In Zimbabwe, half of the districts had high (>90%) ART coverage, and thus had achieved the second target of the UNAIDS 90-90-90 targets . However, substantial within-country variations in terms of HIV prevalence, HIV testing coverage, HIV testing yield, linkage to ART and ART coverage were observed. We have proposed four categories of districts according to gaps along the HIV cascade, for which district-specific recommendations can be formulated.
Suboptimal HIV testing target achievement and suboptimal linkage to ART
In the four districts with both suboptimal HIV testing achievement and linkage to ART, both the HIV prevalence and the HIV testing yield were above average, highlighting an important unmet need for HIV testing services. Therefore, HIV testing services should become more widely available. It has been seen that widespread door-to-door HIV testing substantially increases the acceptance of HIV testing and should be considered as a priority . In addition, strategies linking those who tested positive to ART should be strengthened (elaborated below).
High testing target achievement and suboptimal linkage to ART
Eighteen districts with suboptimal ART coverage that achieved their HIV testing target but with suboptimal linkage to ART should assess if strategies known to improve linkage to care and ART initiation are in place. These strategies include same-day ART initiation, community (home-based) ART initiation, decentralisation of ART services to the primary health care level and integration of HIV care in other health care services [13–17]. Linkage to ART should be regularly assessed at the health facility level. Those who are diagnosed with HIV but have not been started on ART should be tracked. Consent for tracking should be incorporated into the testing strategy . Patients diagnosed at higher-level referral health facilities should be initiated on ART before down referral to lower-level health facilities for follow up, with tracking of arrival after referral . Some districts may have specific challenges. Poor linkage to ART around Kwekwe and the surrounding districts might be explained by the presence of illegal artisanal miners in the region. Illegal artisanal miners are highly mobile, and strategies to link and retain these highly mobile populations should be identified [20,21]. Also, in districts bordering Zambia and Mozambique (Centenary, Mudzi and Nyanga), the poor linkage may be due to patients crossing the border as a result of the economic challenges in Zimbabwe. The Southern African Development Community (SADC) HIV and AIDS Cross Border Initiative should be fully implemented to enable the provision of care and tracking of such patients [22–24].

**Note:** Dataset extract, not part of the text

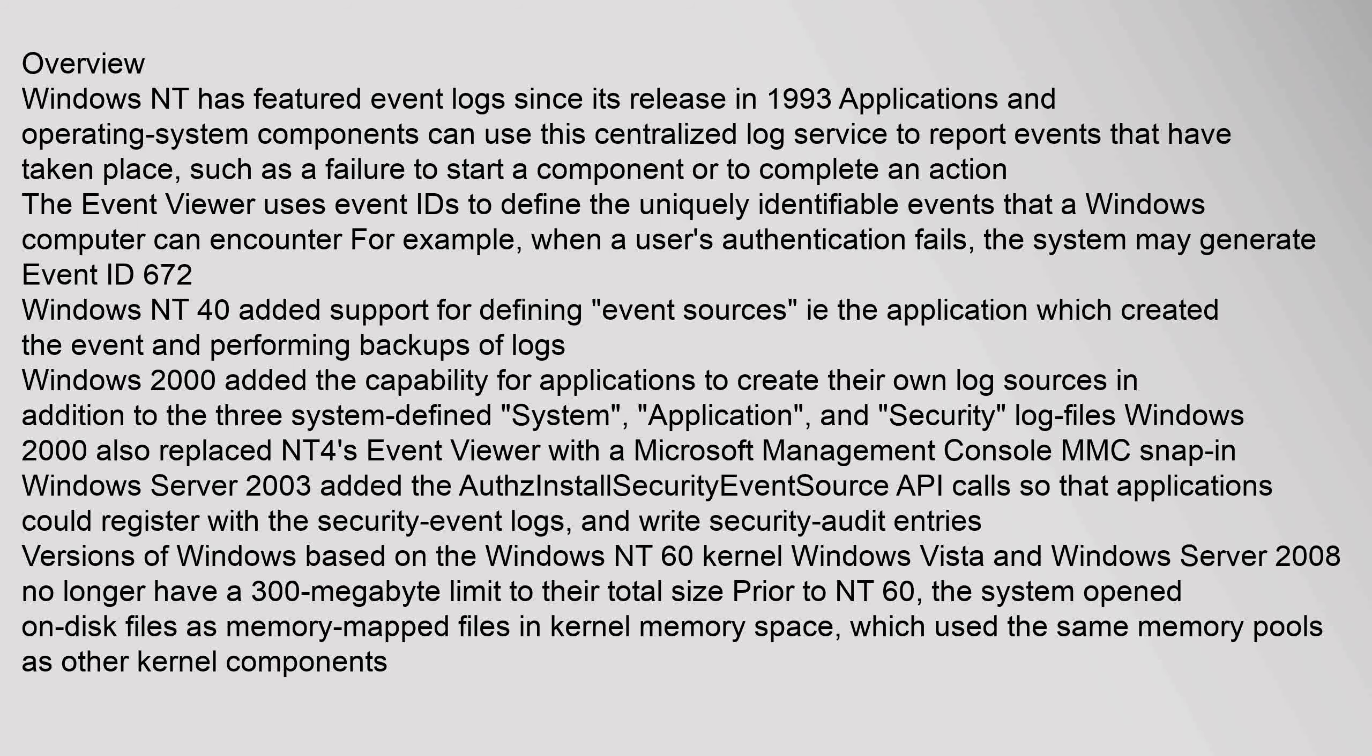Windows 2000 added the capability for applications to create their own log sources in addition to the three system-defined system, application, and security log files. Windows 2000 also replaced NT 4's Event Viewer with a Microsoft Management Console MMC snap-in. Windows Server 2003 added the auth install security event source API calls so that applications could register with the security event logs.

High testing target achievement and high linkage to ART
Six districts with suboptimal ART coverage achieved their HIV testing targets and had high linkage to ART. In such a scenario, other indicators may assist in the formulation of a district-specific strategy. If the prevalence and HIV testing yield are lower than average, HIV testing may need to be delivered in a more targeted manner. Health facility-based strategies in combination with community testing in high-risk groups may be most efficient. Health facility-based strategies that have worked elsewhere include index case testing, targeting sexual partners and HIV-exposed infants and intensified provider-initiated testing and counselling (iPITC) [25–31]. Community testing should prioritise subgroups with a higher prevalence. Key populations and hotspots identified from a mapping exercise conducted in Zimbabwe may guide programming . Social network testing, using peer educators, can be a useful tool to reach some of the key populations .
Suboptimal HIV testing target achievement and high linkage to ART
There were two districts with suboptimal ART coverage that had suboptimal HIV testing target achievement but with high linkage to ART. In both, the HIV prevalence and testing yield were higher than average. Hence, HIV testing strategies recommended for high prevalence settings, discussed above, should be considered.
In conclusion, there is substantial within-country variation in terms of HIV prevalence, HIV testing target achievement, HIV testing yield, linkage to ART and ART coverage. Hence, a “one size fits all” approach is unlikely to result in achieving the next UNAIDS 95-95-95 targets by the end of 2030. District-level mapping of uncovered needs and gaps along the HIV cascade of care is needed, particularly for districts with suboptimal ART coverage.
Our study is among the first to assess the performance across the HIV care cascade at the sub-national level. To validate our findings, we compare data from a variety of sources. However, there are limitations due to the cross-sectional design of our study. Crossover of patients between prior or later years with 2018 may have occurred, for instance, when patients diagnosed in 2017 started ART in 2018, and those diagnosed in 2018 started ART in 2019. The district HIV testing targets were calculated by using the percentage of the number of PLHIV per district to distribute the national HIV testing target without considering the context and performance of each district cascade of care. The MoHCC have since started estimating district yearly HIV testing targets by taking into consideration the context and district-specific parameters. Moreover, district-level data on the third “90” from the UNAIDS 90-90-90 targets, i.e. viral suppression, was unavailable. Previous studies showed that the retention on ART was high, while access to viral load monitoring and viral load suppression remained suboptimal [33–35].